書評『デッドライン-ソフト開発を成功に導く101の法則』 | フリーエンジニアを辞めました

書評『デッドライン-ソフト開発を成功に導く101の法則』

久しぶりに面白い本を読んだ。小説という形態をとったプロジェクトマネジメントのハウツー本。

主人公はベテランのプロジェクトマネージャであるウェブスター・トムキンス。米国のとある企業に勤めているが、リストラの憂き目に会う。そんな折、外国の工作員に拉致される。連れて行かれたのは、旧共産圏のモロビア。

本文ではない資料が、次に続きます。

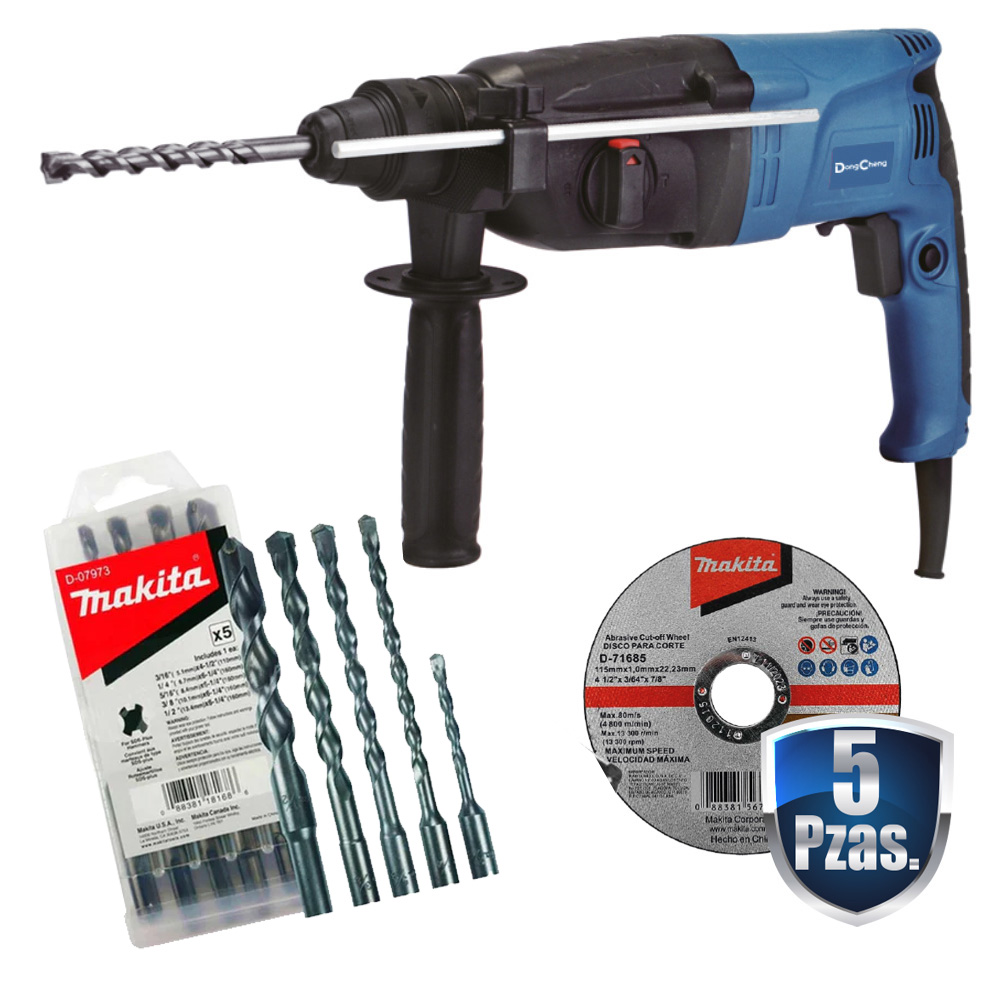[DCH-DZC05-26B+C02] COMBO ROTOMARTILLO SDS PLUS 1 800 WATTS 3 FUNCIONES V.V.C/ESTUCHE+JGO DE BROCAS SDS Y 5 DISCOS MAKITA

モロビアの国家大総統(NNL)がモロビアを世界一のソフトウェア輸出国にするという目標を打ち立てた。モロビアは教育水準が高く、十分な数のプログラマーがいる。いないのは優秀なプロジェクトマネージャである。拉致されたトムキンスは、6つのソフトウェア開発プロジェクトのマネジメントを任される。

6つのソフトウェアを開発するのだが、18チームが編成される。プロジェクトを取り巻く環境が、生産性にどのような影響を与えるかを観察するために、3つのチームが同じ製品の開発を競い合う。題して「プロジェクト管理実験室」。

トムキンスは、プロジェクト管理実験室で様々な課題に直面する。周りのスタッフに支えられそれらを解決していく。その中でソフト開発を成功に導く法則を発見していく。

というのが筋書き。

国家大総統は米国人の実業家で、レバレッジド・バイ・アウト(LBO)という手法で、モロビアを買い取ってしまったという、漫画のような荒唐無稽な設定。

そのほかにも、トムキンスを取り巻く登場人物は一癖もふた癖もある個性的な人たちばかりで、これらの人々が物語を面白くしている。

構えずに読めるプロジェクト管理の指導書的な存在である。